Link: Pandora paid over $1,300 for a million plays, not $16.89
Remember that post from David Lowery about Pandora rates?
Here’s a reply from Michael Degusta, doing what everyone that linked to the original story (including me) should have done and double-checking the maths (with an S please, people!).
His calculations and research tells us what Lowery’s song made in total from Pandora, including a performance royalty that Lowery mentioned in passing but said he’d post about later. In doing so, Degusta makes the argument that Lowery’s total take for the song was more like $230 than $16.89:
Conclusion. By this math:
Pandora paid a total of about $1,370.
The band received a total of about $585.
If Lowery received 40% of the performance royalty, “all he got” for the 1 million plays was in fact around $234.
Whatever one thinks of the fairness of those numbers, they’re all clearly far larger than $16.89.
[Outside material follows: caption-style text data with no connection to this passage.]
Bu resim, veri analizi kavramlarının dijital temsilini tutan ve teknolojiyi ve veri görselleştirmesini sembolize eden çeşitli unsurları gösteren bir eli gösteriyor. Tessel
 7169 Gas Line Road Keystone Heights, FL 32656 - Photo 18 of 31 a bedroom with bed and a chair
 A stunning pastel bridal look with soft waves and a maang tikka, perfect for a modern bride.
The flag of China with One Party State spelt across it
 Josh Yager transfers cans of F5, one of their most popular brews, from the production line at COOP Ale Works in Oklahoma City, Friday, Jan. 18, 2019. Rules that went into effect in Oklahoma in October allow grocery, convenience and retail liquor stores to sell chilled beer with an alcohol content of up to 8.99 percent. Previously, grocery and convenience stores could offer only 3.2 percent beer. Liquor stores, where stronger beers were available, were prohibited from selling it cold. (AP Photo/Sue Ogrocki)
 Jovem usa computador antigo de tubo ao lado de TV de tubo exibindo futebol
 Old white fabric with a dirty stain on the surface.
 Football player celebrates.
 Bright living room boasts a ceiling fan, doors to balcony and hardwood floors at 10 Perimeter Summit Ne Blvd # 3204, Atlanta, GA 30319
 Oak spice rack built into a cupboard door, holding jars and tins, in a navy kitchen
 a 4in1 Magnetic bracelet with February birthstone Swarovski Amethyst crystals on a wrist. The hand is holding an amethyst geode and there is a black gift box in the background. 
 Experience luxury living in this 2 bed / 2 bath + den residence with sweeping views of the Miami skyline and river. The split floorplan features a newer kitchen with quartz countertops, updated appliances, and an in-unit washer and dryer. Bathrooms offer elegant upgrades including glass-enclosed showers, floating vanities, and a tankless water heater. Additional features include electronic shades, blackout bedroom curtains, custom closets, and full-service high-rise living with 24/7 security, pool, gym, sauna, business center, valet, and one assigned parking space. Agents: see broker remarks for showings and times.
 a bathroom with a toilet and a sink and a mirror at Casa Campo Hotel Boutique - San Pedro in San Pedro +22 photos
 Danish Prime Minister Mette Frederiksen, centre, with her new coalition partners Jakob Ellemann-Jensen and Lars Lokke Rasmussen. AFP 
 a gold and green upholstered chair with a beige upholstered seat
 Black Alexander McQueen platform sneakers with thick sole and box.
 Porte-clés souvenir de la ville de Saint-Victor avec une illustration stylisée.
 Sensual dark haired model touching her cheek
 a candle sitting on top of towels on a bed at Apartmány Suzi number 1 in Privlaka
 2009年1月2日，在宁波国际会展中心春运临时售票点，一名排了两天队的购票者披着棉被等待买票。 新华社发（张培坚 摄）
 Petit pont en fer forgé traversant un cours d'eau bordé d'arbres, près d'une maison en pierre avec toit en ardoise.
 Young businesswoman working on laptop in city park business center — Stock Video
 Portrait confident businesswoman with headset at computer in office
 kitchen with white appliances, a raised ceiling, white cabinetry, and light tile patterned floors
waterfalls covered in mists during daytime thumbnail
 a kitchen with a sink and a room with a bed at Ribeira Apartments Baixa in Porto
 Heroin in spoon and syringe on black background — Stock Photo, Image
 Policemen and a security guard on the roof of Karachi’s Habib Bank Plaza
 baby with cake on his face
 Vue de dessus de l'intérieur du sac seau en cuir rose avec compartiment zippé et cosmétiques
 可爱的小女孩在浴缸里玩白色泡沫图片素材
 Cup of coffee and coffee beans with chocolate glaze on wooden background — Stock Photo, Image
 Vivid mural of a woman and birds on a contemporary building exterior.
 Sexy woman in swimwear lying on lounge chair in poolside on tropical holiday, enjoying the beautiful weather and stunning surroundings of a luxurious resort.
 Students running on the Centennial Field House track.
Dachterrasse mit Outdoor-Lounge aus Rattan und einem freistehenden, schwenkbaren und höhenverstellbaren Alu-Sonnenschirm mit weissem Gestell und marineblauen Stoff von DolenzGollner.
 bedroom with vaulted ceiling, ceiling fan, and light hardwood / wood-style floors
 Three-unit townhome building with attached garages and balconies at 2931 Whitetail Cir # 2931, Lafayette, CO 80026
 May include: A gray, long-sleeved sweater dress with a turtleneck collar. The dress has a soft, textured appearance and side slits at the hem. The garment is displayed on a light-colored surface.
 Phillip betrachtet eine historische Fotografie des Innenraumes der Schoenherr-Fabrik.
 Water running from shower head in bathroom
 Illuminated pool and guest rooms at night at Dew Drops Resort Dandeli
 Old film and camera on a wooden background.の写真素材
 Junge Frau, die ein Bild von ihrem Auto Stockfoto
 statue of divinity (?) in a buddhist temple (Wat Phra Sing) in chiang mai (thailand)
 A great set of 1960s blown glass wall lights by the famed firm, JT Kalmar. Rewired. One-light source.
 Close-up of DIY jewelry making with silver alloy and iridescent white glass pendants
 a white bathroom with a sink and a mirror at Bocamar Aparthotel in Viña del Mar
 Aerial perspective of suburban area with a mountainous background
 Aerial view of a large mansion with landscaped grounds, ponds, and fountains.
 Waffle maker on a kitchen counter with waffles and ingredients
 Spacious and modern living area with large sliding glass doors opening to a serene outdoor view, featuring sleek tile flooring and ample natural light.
It’s inflammatory stuff but it’s just as misleading as it claims Lowery was – Degusta’s basing his total on figures that include the performer royalty as well, but if you go back and read the original blog that everyone picked up on, Lowery’s complaint focusses on the songwriter’s royalty. Lowery does mention the performance royalty and clearly states he’ll talk about that separately, and if you go through the comments he repeats that this was his angle, how much a songwriter makes from Pandora.
But Degusta also examines Lowery’s Pandora and US FM/AM radio comparisons:
The main issue here is that Lowery cites only dollar amounts for comparison:
• “For frame of reference compare [sic] Sirius XM paid me $181”
• “Terrestrial (FM/AM) radio US paid me $1,522”This is quite simple: those sources paid him a lot more primarily because a lot more people heard his song via those sources. For example, AM/FM paid him $1,373.78 for 18,797 spins. That’s 7.3 cents per spin. If only 10,000 listeners heard each spin, terrestrial radio is in fact paying just half the songwriter fee Pandora paid him per listener. And of course it’s likely to have been far more than 10,000 – even the intentionally miniscule South Dakota radio station Pandora just bought manages to average 18,000 listeners.
Degusta concludes:
None of this means Pandora ought to pay less in royalties. … But attacking Pandora with intentionally misleading statistics just undermines the credibility of the argument.
It seems to me a little cheeky to end like that when the basis of his own attention-grabbing headline merges performer and songwriting royalties while Lowery sought only to examine the latter.
Finally, Pandora themselves have pitched in.
I can see what Lowery’s point is about songwriting not paying so well, but he made some poor comparisons to other royalties that didn’t help his case. And when Degusta provided those eye-opening (but in my view beside-the-point) performance royalty estimates, along with ably debunking the radio comparison, the combination further distracted everyone from Lowery’s original point.
I think all we can take away from this is that working out balanced royalties in this new digital age is not easy, and making a living in music is a gamble.